Cotsen Conference “Imagining Sameness and Difference” featured in RBM…

RBMcover

Cover of RBM (vol. 14, no. 2) Fall, 2013

An illustration from a Cotsen Library book was featured on the cover of the Fall 2013 issue of RBM: Journal of Rare Books, Manuscripts, and Cultural Heritage, issued by RBMS, the Rare Book and Manuscript Section of ALA.

This black-and-white reproduction was based on a hand-colored engraving of a children’s home geography party, printed in Dean & Munday’s The Little Traveller, or, A Sketch of the Various Nations of the World (ca. 1830). 

Cotsen Library had used a color reproduction of this engraving on the poster and website for its September, 2013 conference in Princeton entitled, “Putting the Figure on the Map: Imagining Sameness and Difference for Children,” as noted in the text below, taken from the credits page of RBM.

Teaching Geography

Teaching Geography: hand-colored wood engraving, “The Party,” from “The Little Traveller” (London: Dean & Munday, [ca. 1830]) (CID 3885)

 On the Cover: (RBM, vol 14, no. 2, p. 62)

“The Party,” hand-colored wood engraving from: The Little Traveller, or, A Sketch of the Various Nations of the World: Representing the Costumes, and Describing the Manners and Peculiarities of the Inhabitants: Embellished with Fifteen Beautifully Coloured Engravings / by J. Steerwell. (Lon­don: Dean and Munday, Threadneedle-Street, [ca. 1830]). The copy of the book from which this illustration is taken is in the Cotsen Children’s Library, part of Princeton University Library’s Rare Books & Special Collections Department.

This illustration was also reproduced on the website and print brochure for a Cotsen Library conference at Princeton on September 11-13, 2013, tided. “Putting the Figure on the Map: Imagining Sameness and Difference for Children.” The conference explored how children’s books were important vehicles for the expression of senses of national identity during the nineteenth century, a time when the world seemed to shrink, thanks to improved communi­cations and transportation that facilitated travel, whether for commerce, conquest or leisure. Similarly the wonders of the world could be brought into the home via photography, maps, travel writing, and fiction. The representation of foreign lands inevitably required the illus­tration and description of their residents, which gave rise to a rich repository of colorful im­ages of diversity.

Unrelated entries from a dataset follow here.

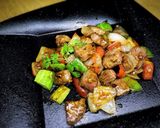 A picture of step 11 of Shaking Beef (Bò Lúc Lắc).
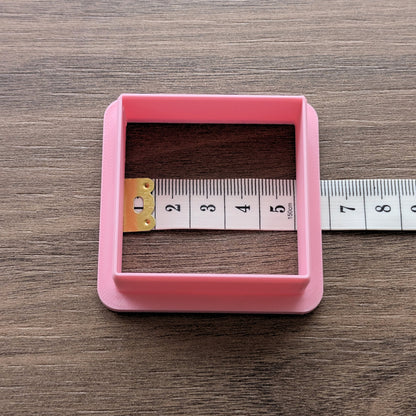 Squares Cookie/Fondant Cutters - 4pcs (3cm, 5cm, 7cm & 9cm)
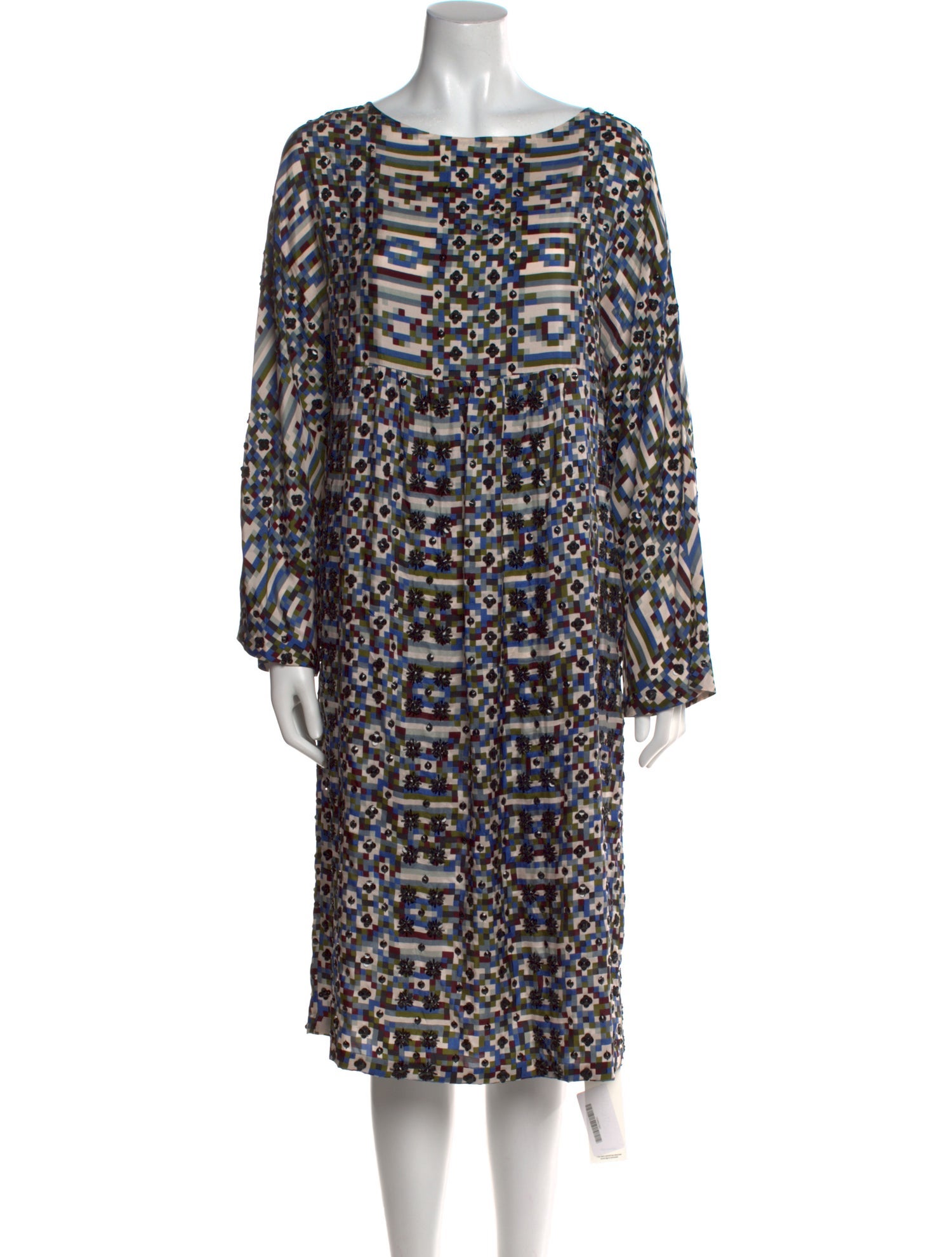 Dries Van Noten Silk Midi Length Dress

Through a tangle of national types, stereotypes, and archetypes, children’s books shaped discourse as much as they reflected mainstream adult culture.

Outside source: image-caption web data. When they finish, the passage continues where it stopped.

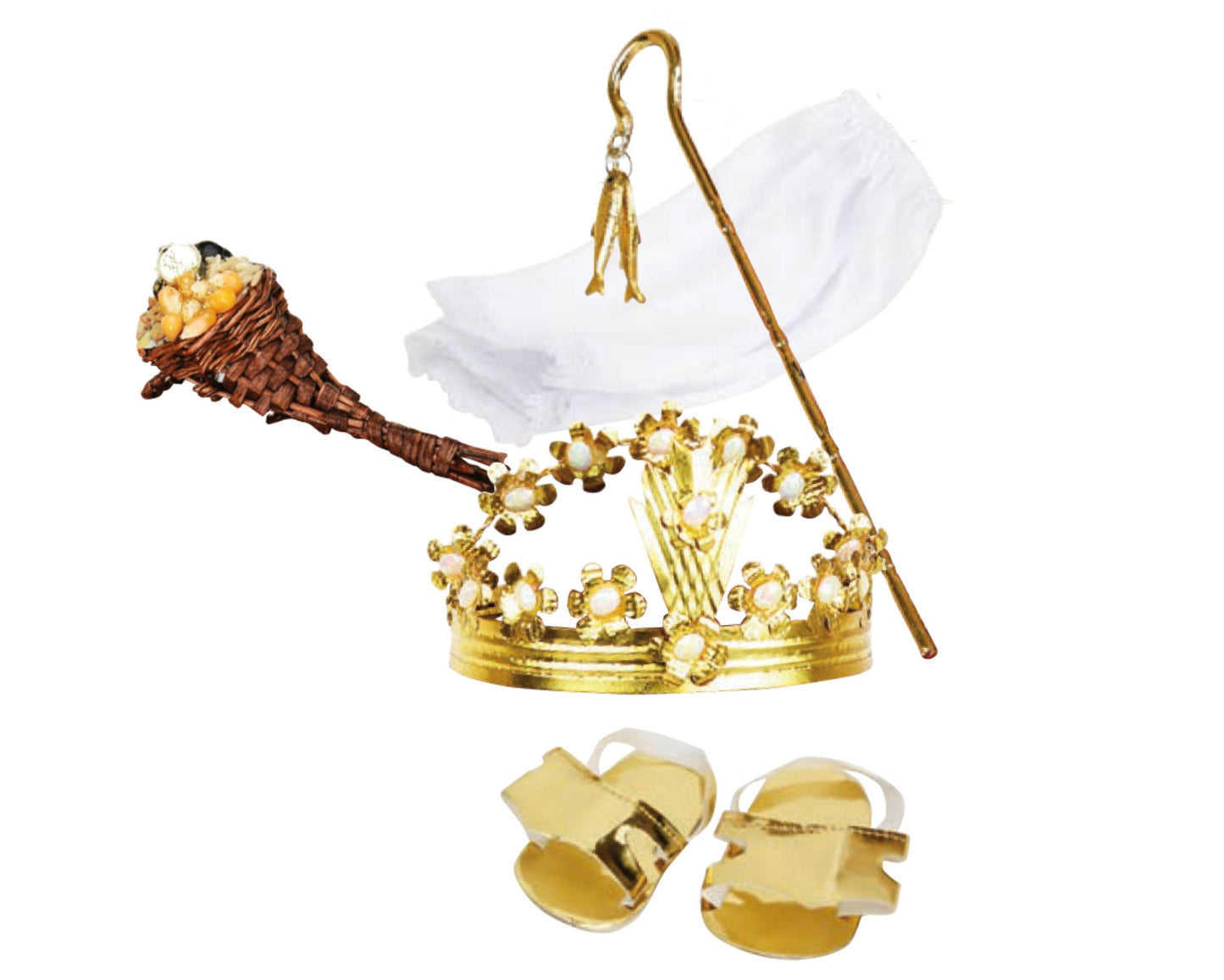 Trajecito de Nino de La Abundancia Niño Dios con accesorios Incluidos/Baby Jesus Outfit203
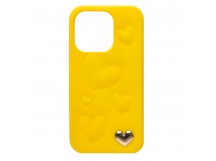 Чехол-накладка - SC319 для "Apple iPhone 14 Pro" (yellow) (215451)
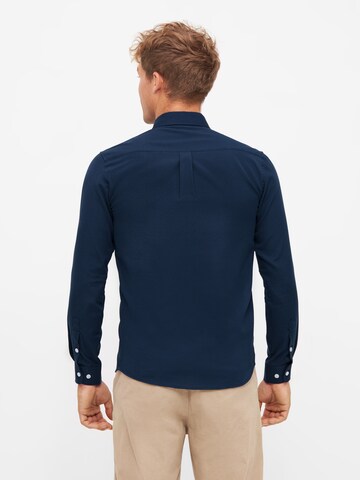 TOOche Regular Fit Hemd 'Ocean' in Blau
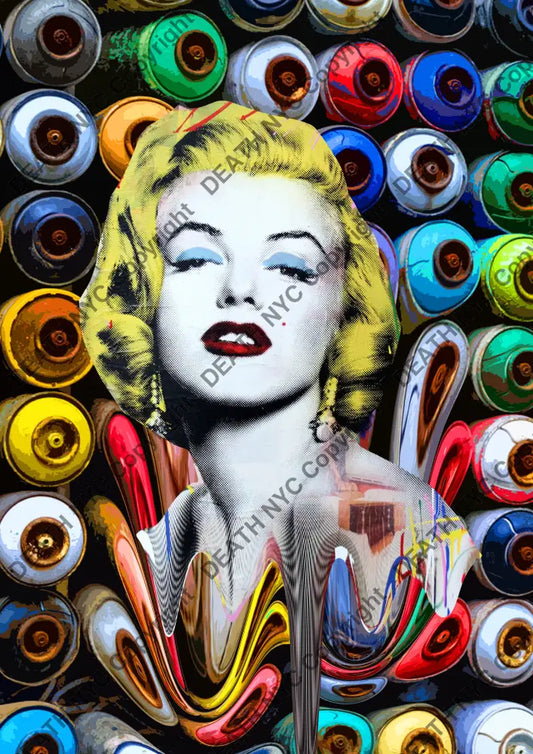 Auction ’M1216 monr. ’ art print 45x32cm (Edition of 100) - Art Print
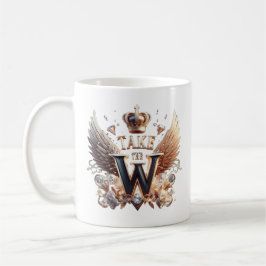 Nehmen Sie die W-Tasse Kaffeetasse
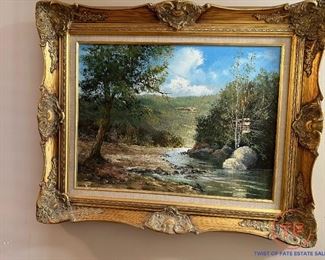 Original Oil on Canvas by OSCAR SORMANI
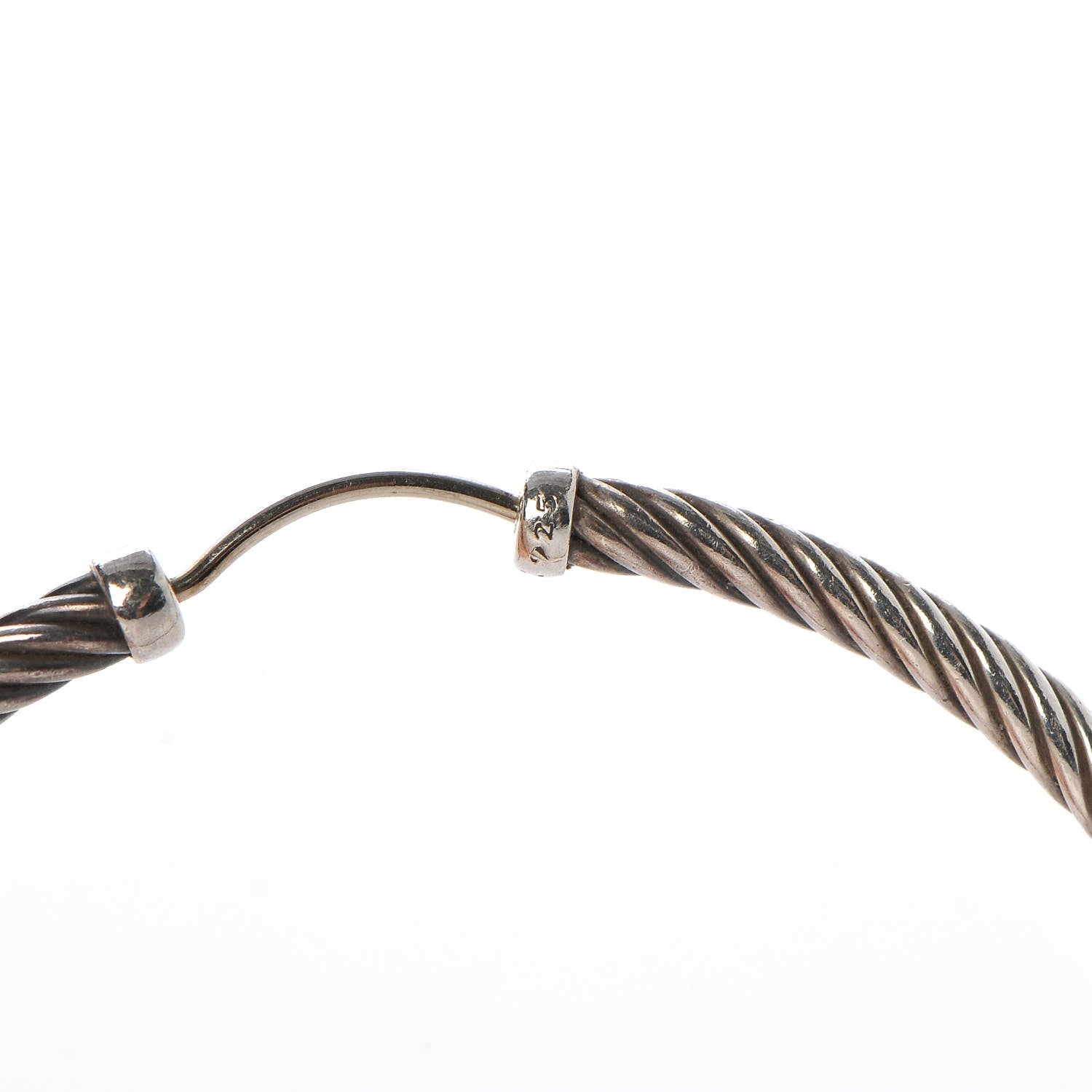 David Yurman Sterling Silver 54mm Cable Classics Hoop Earrings 6 of 6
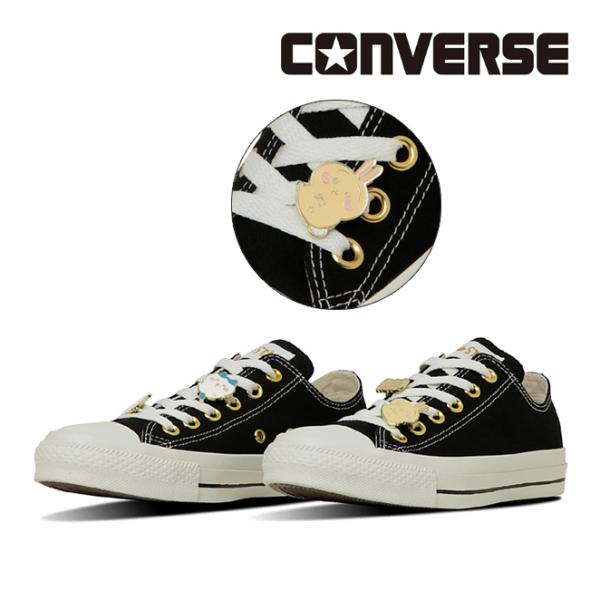 コンバース オールスター GD OX / ちいかわ ブラック 黒 ローカット スニーカー レディースサイズ CONVERSE ALL STAR GD OX / CHIIKAWA 31315230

Exploring these themes, and others, this interdisciplinary Cotsen conference featured presentations that drew on the approaches of imagology, history, anthropology, psychology, and literary criticism, to discuss modes of expression arising that either targeted children, within or without the classroom, or appropriated discourses for them, to present competing, complimentary or contradictory images of foreign nations.